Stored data
***

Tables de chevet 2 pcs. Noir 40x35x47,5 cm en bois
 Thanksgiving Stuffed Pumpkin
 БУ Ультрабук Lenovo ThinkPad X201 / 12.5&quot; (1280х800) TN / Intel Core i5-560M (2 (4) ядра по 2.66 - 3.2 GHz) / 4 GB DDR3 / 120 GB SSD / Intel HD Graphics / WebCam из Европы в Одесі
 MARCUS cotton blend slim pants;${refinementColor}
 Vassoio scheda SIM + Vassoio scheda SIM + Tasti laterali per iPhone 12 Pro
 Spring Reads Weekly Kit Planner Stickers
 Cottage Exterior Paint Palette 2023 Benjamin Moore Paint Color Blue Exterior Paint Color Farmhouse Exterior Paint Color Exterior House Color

***

• [TASK]: Copy down every record, keeping each one exact.

• [ANSWER TO THE PROBLEM]:
Tables de chevet 2 pcs. Noir 40x35x47,5 cm en bois
 Thanksgiving Stuffed Pumpkin
 БУ Ультрабук Lenovo ThinkPad X201 / 12.5&quot; (1280х800) TN / Intel Core i5-560M (2 (4) ядра по 2.66 - 3.2 GHz) / 4 GB DDR3 / 120 GB SSD / Intel HD Graphics / WebCam из Европы в Одесі
 MARCUS cotton blend slim pants;${refinementColor}
 Vassoio scheda SIM + Vassoio scheda SIM + Tasti laterali per iPhone 12 Pro
 Spring Reads Weekly Kit Planner Stickers
 Cottage Exterior Paint Palette 2023 Benjamin Moore Paint Color Blue Exterior Paint Color Farmhouse Exterior Paint Color Exterior House Color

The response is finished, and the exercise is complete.